Find a place to have your machine serviced. I use Sewingmachine.com which is located in downtown Atlanta. You have to trust the people who service your machine. In 4 years, my machine has only been in once. And they have excellent customer service if you are in the area. I emailed to inquire about service and they immediately emailed me back with details. Love them.

And for a sampling of work:
Facebook: Create Pretty Etsy: Create Pretty Email: createprettyemailatgmaildotcom 

**Any link may be an affiliate link. See my disclosure policy here.


  1. I found the link to this post on pinterest and your info is very helpful! I've been sewing over 40 years but only got a Bernina with embroidery this year. I took my class and started with embroidery 2 weeks ago, so I'm a complete novice! All of your advice is much appreciated!

  2. Thank you for stopping by Janie! You will learn and be totally sucked in! It's a blast (and can be totally frustrating all at the same time)! Good luck!


  3. Hello! I love your patterns, I did a test run of this Rarity (to put on a fleece hat) but I ran into some trouble. It seemed as if the pattern shifted (the body outline) and the mane/tail had issues. I think it was something that was wrong with my fabric/stabilizer. Do you have any tips for embroidering on fleece?

    1. Hi Emma! I am not a digitizer, so they may have other advice, but I have found that with "slippery" or thick fabric like fleece that it's best to use a basting stitch. I use SWP (sew what pro) so I add the basting stitch around my pattern. Not only does the basting stitch hold your stabilizer and fabric together, it helps you make sure the design will be centered. Also make sure that you are using a good stabilizer. A good rule is "if you wear it, don't tear it"- so anything you wear or put on (especially with knit) should be cutaway. I only use tear away on towels, bibs, and burp cloths. Sometimes I have to use 2 layers if the design is really dense. Check the stitch count in your program too. It its more than 14k stitches or so I like to double up on the stabilizer (or at least add the tear away to my cutaway regimen). Hope that makes sense! :)

  4. I like what you said about basting stitch helping with puckering. I'm new to embroidery, and the last thing I made started puckering. I will try and learn how to do the basting stitch to avoid this problem in the future.

    1. Absolutely! Also if you are still getting puckering try upping your stabilizer to something more stiff. If you are using tear away, switch to cut away. If cut away try adding a tear away or double up on the cutaway :)

  5. Would you please give me the exact Brother group you are a member of on facebook? There are several and I want to join the same one you're in. I got an SE400 for Christmas and am hooked!!

    1. Sure!

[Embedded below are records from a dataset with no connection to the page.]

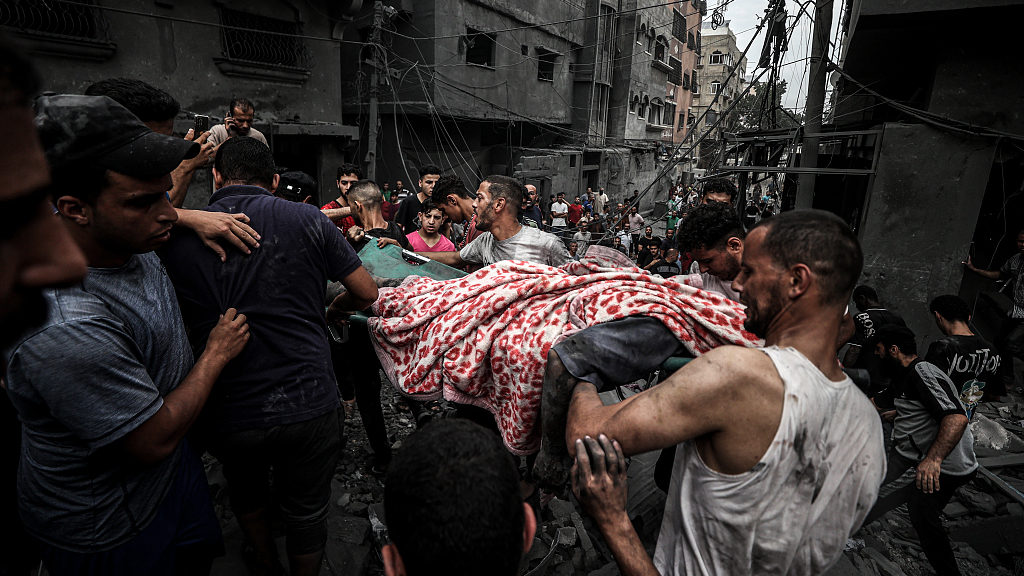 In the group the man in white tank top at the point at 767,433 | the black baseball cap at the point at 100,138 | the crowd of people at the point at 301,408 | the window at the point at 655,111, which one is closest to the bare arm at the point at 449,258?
the crowd of people at the point at 301,408

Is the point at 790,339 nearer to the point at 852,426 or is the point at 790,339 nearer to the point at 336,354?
the point at 852,426

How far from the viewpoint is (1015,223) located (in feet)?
21.3

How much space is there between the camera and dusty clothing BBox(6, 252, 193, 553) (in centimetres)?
139

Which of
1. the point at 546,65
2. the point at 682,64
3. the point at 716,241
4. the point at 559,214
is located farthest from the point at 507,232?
A: the point at 682,64

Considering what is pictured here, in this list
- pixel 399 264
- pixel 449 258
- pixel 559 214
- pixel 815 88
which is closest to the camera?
pixel 399 264

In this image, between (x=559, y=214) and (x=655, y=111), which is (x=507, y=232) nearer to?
(x=559, y=214)

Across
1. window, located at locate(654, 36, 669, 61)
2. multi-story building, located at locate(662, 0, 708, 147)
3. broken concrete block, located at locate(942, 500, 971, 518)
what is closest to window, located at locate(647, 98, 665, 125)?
multi-story building, located at locate(662, 0, 708, 147)

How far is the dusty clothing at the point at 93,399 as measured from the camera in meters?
1.39

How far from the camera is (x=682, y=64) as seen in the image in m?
34.7

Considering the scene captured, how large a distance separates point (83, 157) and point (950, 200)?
816 cm

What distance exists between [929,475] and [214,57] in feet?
37.6

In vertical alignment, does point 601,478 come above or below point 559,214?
above

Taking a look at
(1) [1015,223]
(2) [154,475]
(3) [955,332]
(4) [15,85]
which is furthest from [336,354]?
(1) [1015,223]

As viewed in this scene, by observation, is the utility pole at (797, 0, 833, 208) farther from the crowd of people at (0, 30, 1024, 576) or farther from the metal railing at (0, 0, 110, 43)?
the metal railing at (0, 0, 110, 43) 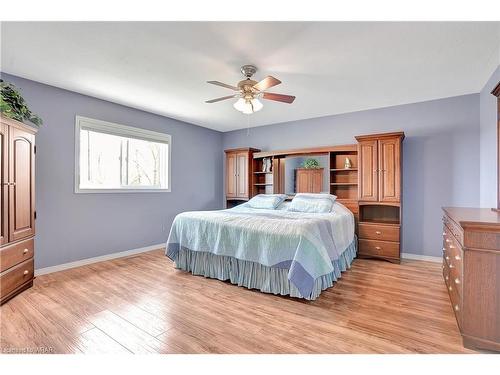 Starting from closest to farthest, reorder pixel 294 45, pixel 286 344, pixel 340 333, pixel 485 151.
Answer: pixel 286 344
pixel 340 333
pixel 294 45
pixel 485 151

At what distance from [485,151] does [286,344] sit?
363 centimetres

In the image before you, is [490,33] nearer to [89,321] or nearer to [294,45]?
[294,45]

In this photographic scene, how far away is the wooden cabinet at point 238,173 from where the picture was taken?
5441mm

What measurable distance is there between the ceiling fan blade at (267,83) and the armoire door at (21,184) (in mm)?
2522

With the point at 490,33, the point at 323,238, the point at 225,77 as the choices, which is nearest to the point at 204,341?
the point at 323,238

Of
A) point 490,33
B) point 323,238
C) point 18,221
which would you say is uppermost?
point 490,33

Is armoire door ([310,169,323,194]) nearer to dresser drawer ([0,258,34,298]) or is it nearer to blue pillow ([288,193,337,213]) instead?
blue pillow ([288,193,337,213])

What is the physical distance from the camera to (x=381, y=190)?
3.96 metres

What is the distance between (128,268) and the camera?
362cm

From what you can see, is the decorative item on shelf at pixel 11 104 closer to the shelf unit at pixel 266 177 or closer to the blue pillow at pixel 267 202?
the blue pillow at pixel 267 202

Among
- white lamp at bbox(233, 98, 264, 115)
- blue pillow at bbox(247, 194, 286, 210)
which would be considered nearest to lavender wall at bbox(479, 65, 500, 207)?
white lamp at bbox(233, 98, 264, 115)

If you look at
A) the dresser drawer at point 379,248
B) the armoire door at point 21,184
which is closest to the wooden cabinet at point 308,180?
the dresser drawer at point 379,248

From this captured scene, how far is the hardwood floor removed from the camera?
5.96 ft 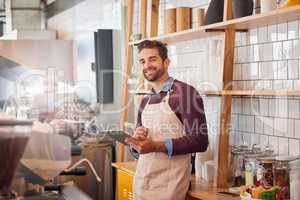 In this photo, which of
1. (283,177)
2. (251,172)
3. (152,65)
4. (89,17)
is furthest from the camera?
(89,17)

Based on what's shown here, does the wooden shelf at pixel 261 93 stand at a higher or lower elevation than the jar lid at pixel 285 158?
higher

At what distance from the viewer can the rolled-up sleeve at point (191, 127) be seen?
284 cm

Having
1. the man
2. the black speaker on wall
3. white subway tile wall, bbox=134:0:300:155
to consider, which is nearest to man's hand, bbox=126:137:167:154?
the man

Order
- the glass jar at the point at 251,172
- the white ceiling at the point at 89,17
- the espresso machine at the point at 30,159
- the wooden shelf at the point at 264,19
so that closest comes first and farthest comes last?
the espresso machine at the point at 30,159 → the wooden shelf at the point at 264,19 → the glass jar at the point at 251,172 → the white ceiling at the point at 89,17

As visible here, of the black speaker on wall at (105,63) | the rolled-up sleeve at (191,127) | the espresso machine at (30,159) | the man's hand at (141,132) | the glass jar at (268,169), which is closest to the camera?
the espresso machine at (30,159)

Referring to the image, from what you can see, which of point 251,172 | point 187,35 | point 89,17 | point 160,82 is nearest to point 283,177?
point 251,172

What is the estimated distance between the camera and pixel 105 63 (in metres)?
5.08

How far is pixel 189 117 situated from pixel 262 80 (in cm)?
55

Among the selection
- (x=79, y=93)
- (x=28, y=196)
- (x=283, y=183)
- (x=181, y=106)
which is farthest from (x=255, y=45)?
A: (x=79, y=93)

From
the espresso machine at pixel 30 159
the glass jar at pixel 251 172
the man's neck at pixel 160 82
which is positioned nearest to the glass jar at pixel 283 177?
the glass jar at pixel 251 172

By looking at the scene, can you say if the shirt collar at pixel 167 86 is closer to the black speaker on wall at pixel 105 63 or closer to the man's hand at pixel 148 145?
the man's hand at pixel 148 145

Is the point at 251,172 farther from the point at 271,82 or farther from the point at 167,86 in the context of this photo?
the point at 167,86

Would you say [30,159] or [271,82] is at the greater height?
[271,82]

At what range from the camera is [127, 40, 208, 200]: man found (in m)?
2.86
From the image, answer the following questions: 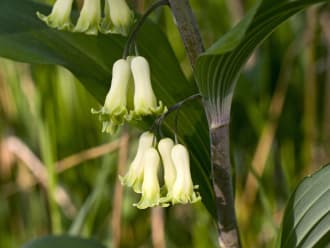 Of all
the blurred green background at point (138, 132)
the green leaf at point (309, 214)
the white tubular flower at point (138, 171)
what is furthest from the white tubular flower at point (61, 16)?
the blurred green background at point (138, 132)

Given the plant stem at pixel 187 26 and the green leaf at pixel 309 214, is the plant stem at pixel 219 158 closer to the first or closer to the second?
the plant stem at pixel 187 26

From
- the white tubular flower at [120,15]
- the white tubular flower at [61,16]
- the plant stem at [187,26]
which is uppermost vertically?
the white tubular flower at [61,16]

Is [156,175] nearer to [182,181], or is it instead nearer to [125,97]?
[182,181]

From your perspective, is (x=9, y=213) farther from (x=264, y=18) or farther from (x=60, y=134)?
(x=264, y=18)

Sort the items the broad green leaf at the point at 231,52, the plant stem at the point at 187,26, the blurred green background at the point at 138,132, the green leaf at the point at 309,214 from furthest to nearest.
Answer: the blurred green background at the point at 138,132 → the green leaf at the point at 309,214 → the plant stem at the point at 187,26 → the broad green leaf at the point at 231,52

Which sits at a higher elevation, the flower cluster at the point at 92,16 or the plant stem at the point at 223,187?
the flower cluster at the point at 92,16

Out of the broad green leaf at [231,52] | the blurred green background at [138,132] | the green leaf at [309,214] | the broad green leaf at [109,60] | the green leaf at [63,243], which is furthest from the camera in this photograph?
the blurred green background at [138,132]

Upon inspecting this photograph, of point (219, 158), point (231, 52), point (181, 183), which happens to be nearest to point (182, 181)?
point (181, 183) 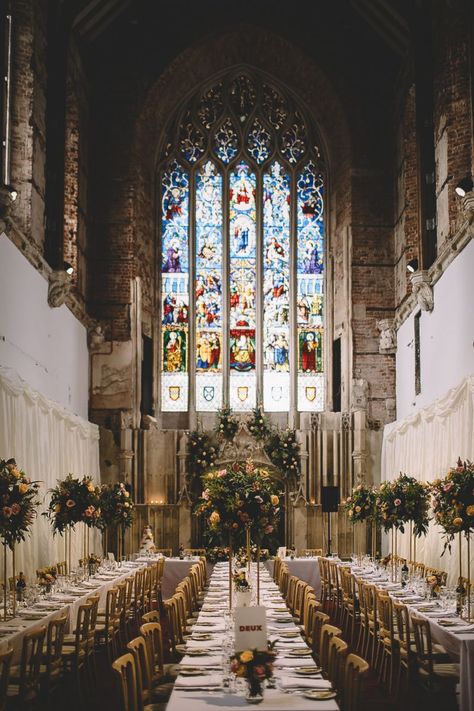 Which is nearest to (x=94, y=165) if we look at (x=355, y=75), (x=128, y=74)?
(x=128, y=74)

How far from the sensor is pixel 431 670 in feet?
26.5

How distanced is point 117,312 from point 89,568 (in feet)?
27.2

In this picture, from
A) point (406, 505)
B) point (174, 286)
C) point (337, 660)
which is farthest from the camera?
point (174, 286)

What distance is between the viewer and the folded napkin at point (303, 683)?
5.82 meters

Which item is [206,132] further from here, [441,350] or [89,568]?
[89,568]

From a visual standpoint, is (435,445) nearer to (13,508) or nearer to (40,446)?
(40,446)

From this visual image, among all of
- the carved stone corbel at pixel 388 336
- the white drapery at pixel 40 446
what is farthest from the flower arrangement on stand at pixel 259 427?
the white drapery at pixel 40 446

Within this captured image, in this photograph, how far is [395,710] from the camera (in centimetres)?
882

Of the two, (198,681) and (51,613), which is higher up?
(198,681)

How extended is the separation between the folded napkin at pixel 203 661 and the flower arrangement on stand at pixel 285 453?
14078 mm

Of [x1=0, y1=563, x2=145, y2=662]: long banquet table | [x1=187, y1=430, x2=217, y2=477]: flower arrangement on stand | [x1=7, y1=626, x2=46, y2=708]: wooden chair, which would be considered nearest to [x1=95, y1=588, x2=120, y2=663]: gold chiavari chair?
[x1=0, y1=563, x2=145, y2=662]: long banquet table

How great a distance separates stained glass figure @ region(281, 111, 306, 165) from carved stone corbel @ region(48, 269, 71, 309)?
8553 millimetres

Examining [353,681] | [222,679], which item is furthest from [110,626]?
[353,681]

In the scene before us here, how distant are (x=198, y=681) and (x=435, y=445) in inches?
409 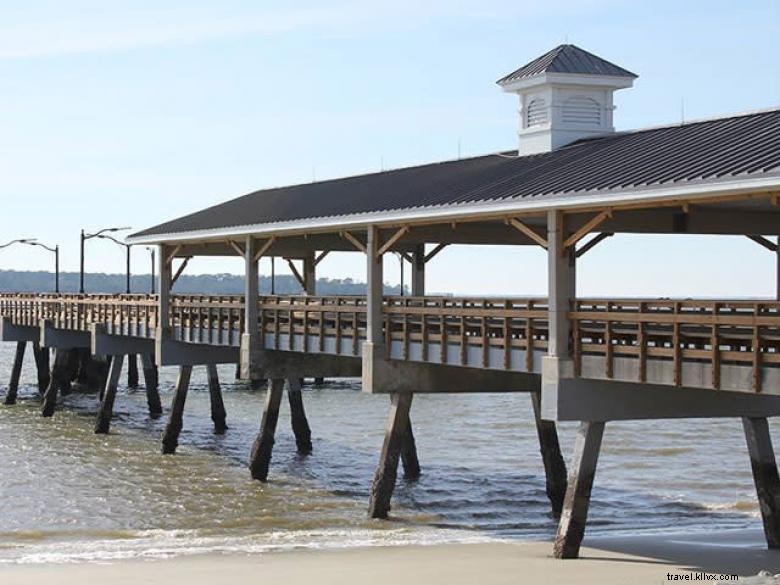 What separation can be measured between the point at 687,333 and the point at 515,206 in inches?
145

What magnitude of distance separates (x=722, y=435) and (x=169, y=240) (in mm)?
18690

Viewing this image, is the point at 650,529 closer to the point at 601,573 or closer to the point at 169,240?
the point at 601,573

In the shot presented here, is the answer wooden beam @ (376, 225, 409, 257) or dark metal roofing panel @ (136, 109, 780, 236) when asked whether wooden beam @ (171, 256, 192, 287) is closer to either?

I'm in the Brother PE embroidery group. There may even be an se400 page now. But the brother PE embroidery is pretty generic for brother machines :) and congrats on your new machine! Here's a direct link to the group: https://m.facebook.com/profile.php?id=388276124532366&tsid=0.38082470931112766&source=typeahead you'll have to be accepted I believe.

  6. I love this article! I've had my machine for about a year and a half now and love it! I tried SWP but had a terrible experience with their customer service and ended up with different software. I DO love my machine and didn't know there was a Facebook group for Brother users. I'll be looking for that soon.
    I'm very wary when I have to change my bobbin, especially in the middle of a project. I'll have to look into the pre-wound ones. I've also figured out that if I'm careful, I don't always need to hoop. Most of the time I can get away with floating my items if I'm really really careful.
    Some great tips here and I'll be certain to pin this one as a great reference!